I'm with you, dad. This one is a little hard to digest let alone understand. I do respect and honor the idea of many cultural traditions. However, what's going on now seems to bear little resemblance to what I suspect was the original spirit behind the tradition.

Assuming the practice of Fa'alavelave originated out of a real need for the community to feed or otherwise help provide for a recently widowed person, newly married couple or new parents, then it seems to me that something has now gone terribly wrong with the system. How can good people continue to participate in a process that has become so obviously inequitable?

Simply because it has always been done this way is not a good enough answer. It hasn't always been done this way! Even if we use the word progress to describe the increasing number of wealthy Samoans living overseas, how can they be allowed to continue artificially raising the bar on the value of required "gifts"? Who is in charge anyway?

Taking from the poor to give to the rich? I'd even go as far as to call it the poor voluntarily giving to the rich because they don't recognize the other very real choices available to them. Now admittedly, I may not be understanding the concept of saving face within the Samoan culture. I can only hope it means more than some temporary discomfort or embarrassment.

Even as I write this, I see my own deeply held values staring back at me. Our individualism, self determination and right to speak out in Western culture is non-negotiable. In the Samoan theocratic-autocratic society, are there any who will risk bucking the system in the name of real change?

Unknown said...

Happy New Year, Nick! I understand you were hoping to be in the last time zone to welcome in the New Year! From the pictures it looks like you are enjoying an island paradise.

We've enjoyed a couple evenings with Marvelous Mary, but many are vying for her time. She will be returning to you and Iva, relaxed, energized and more beautiful than ever. Apparently she can't wait for a big homecoming meal of mutton flaps and turkey tail cabbage soup. Yum Yum.

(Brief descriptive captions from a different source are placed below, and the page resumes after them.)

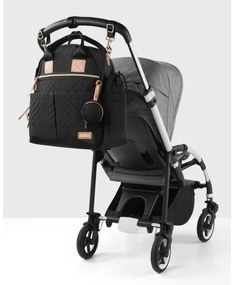 Skip Hop - Zaino fasciatoio 6in1 SUITE SET nero per passeggino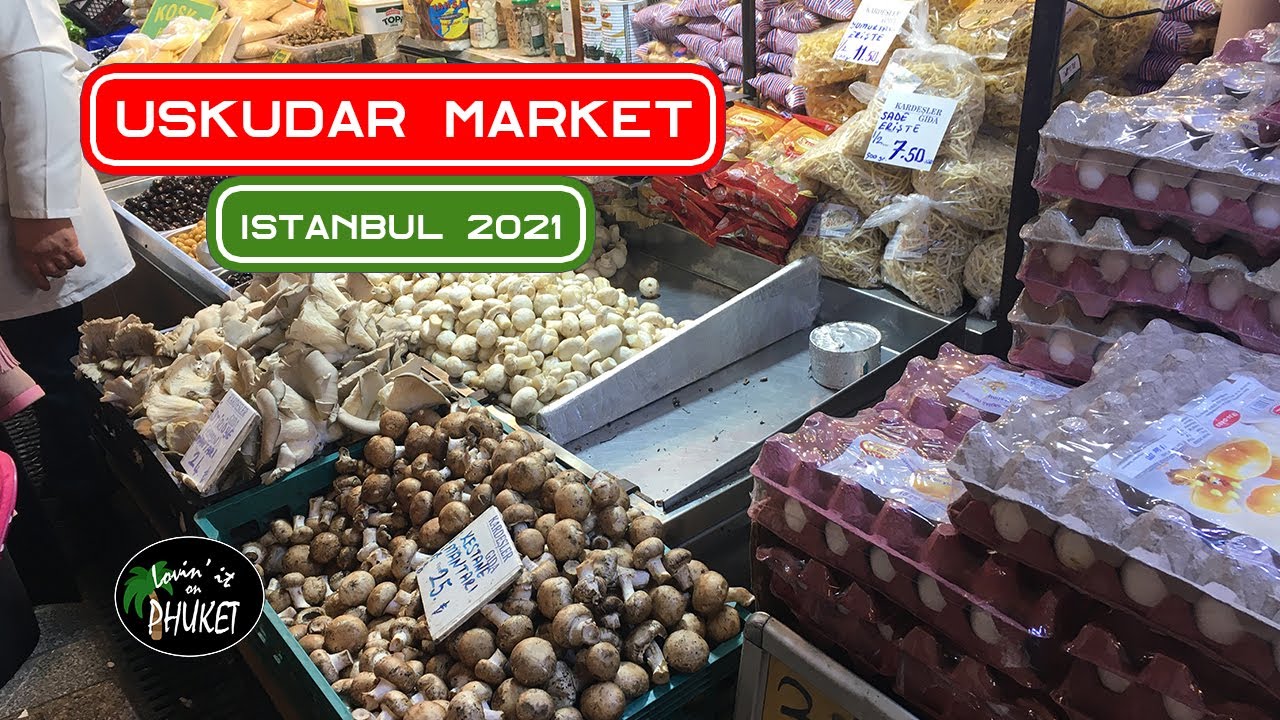 Üsküdar Fish Market, 4K Walking Tour, Istanbul Turkey, 2021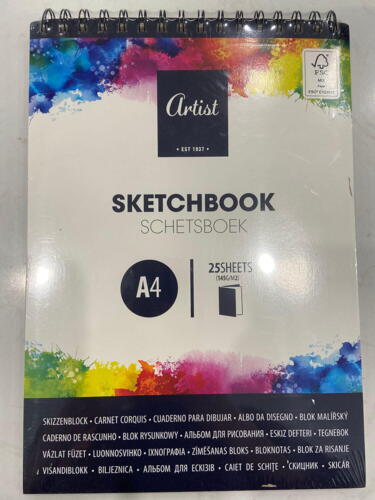Sketch book A4 25 ark 145g papir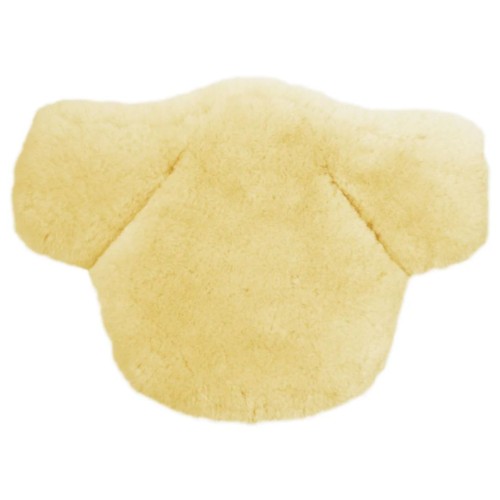 Podkładka Mattes z owczego futra do popręgu Stubben Equisoft® z fartuchem light yellow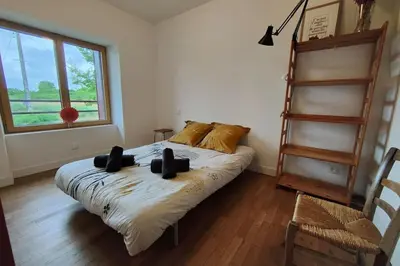 Un ou plusieurs lits dans un hébergement de l'établissement Bel Air Frais proche Beauval & châteaux de la Loire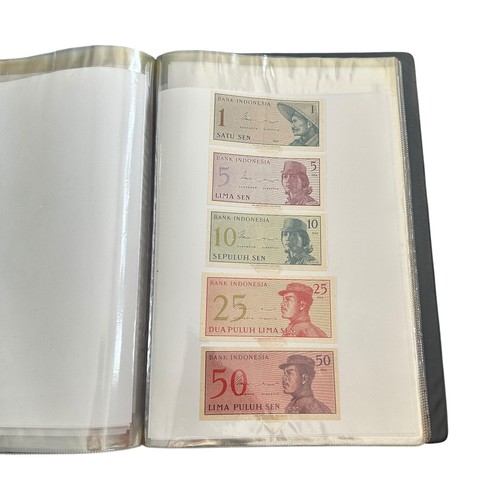 401 - World banknotes in 3 albums (165), condition is mixed, but good overall, with ranges from Argentina,... 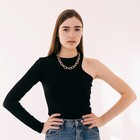 Колье «Цепь» крупные звенья с рисунком, цвет золото, 50 см - Фото 4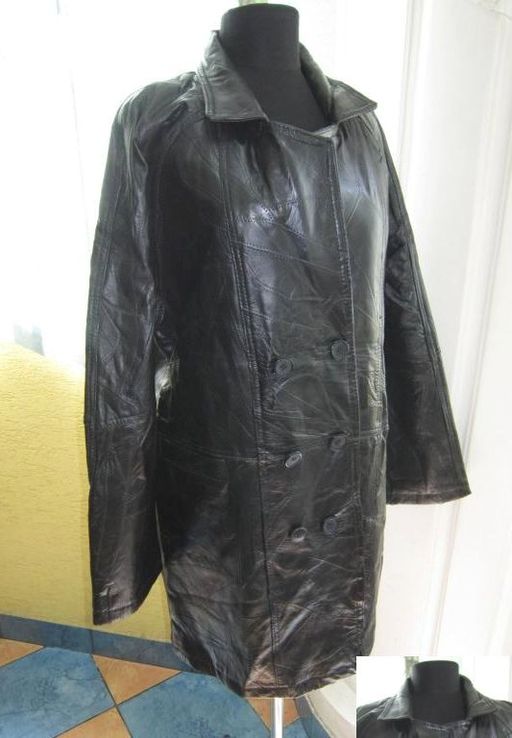 Стильная женская кожаная куртка ECHT LEDER  Лот 520, photo number 3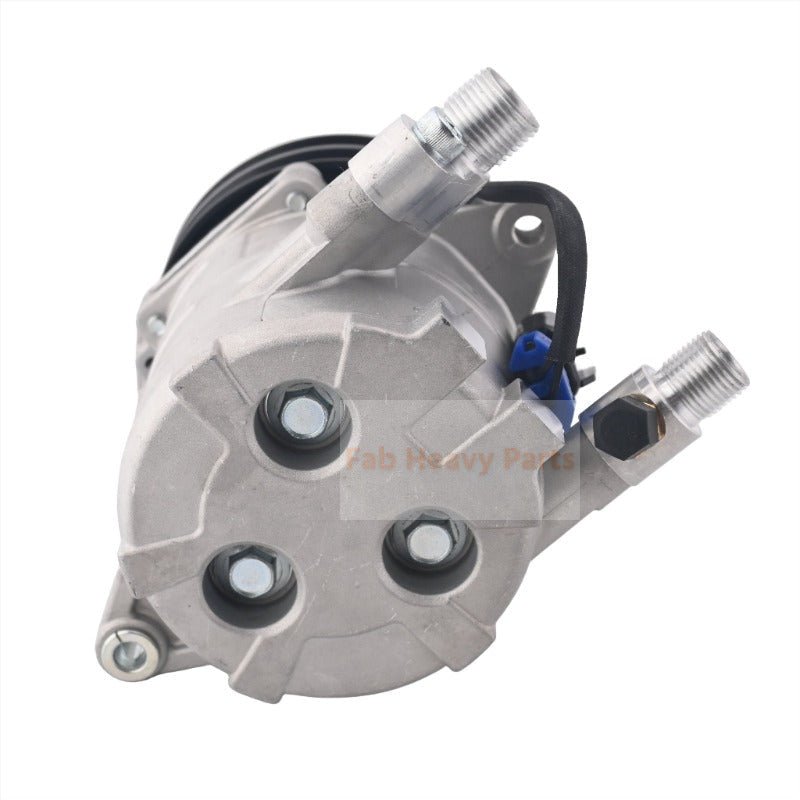 AC Compressor 218 - 6833 2186833 Fits for Caterpillar CAT Engine 3024C 3044C C2.2 C3.4 Skid Steer Loader 226B 226B3 232B 236B 242B 252B 268B - Fab Heavy Parts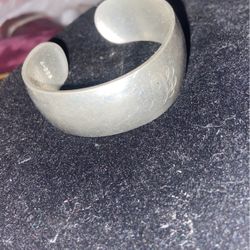 7 inch, Vintage Cuff Bracelet, Silver Tone Bracelet, Minimalist Bracelet, Ladies Bracelet, Large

We discussed My Samoan Chief at the Semsches Wednesday night over a delicious meal of sloppy joes, salad and French silk pie. The book was a good choice. We were all quite amazed that basically things haven't changed in the 50 plus years that Fay Calkins arrived,--except people bring home their bounty from feasts in aluminum roasting pans rather than hand woven baskets.

I was most intrigued by the author herself--I can't imagine showing up 7 months pregnant in 1950 on an island in the middle of the ocean. What a story--I hear you've met her daughter, who still lives there.

I agree with Teri's comments regarding the Fa'alavelave and the expected (demanded) gifts. I've never been one to put emphasis on the concept of "tradition"--I think people often over value that and it leads to disappointment from unfulfilled expectations. The only family tradition we've had was to take a picture of the kids on the front steps on their first day of school. And that green bean casserole for Thanksgiving. Definitely a "must have".

I'm afraid this is turning into more of an email than a blog comment, so I'll sign off. We think of you often and wish you the best in your Samoan adventure.


braley515 said...

Hi Nick & Mary,
As I sit here in Mombasa, I know how hard it is as a westerner to sit by and watch the people you admire and respect dig themselves a bigger hole. But, a few hundred years ago us 'europeans' were making the same mistakes. We didn't have a set of wise westerners to guide us. I see your dilemma, as you hate to see them struggle, but i also see how useful you can be just to create an open environment for discussion of how they can instigate their own changes, without anyone losing face. It will happen, just not as fast as us Americans are used to seeing changes implemented.
I have just been a witness to the Kenya presidential elections and all the aftermath. They, too, struggle with how to be 'in' 21st century global politics, when they are still at the basic tribal levels in many of the day to day subsistance tasks. We think we know a better way, and perhaps we do. But as we know, living on the vicarious advice and info of others has never been a human strong point - 1st world or 3rd world. Give them the sounding board that they need, and they will make their own changes when their culture is ready for it. (Hope i don't sound too preachy!)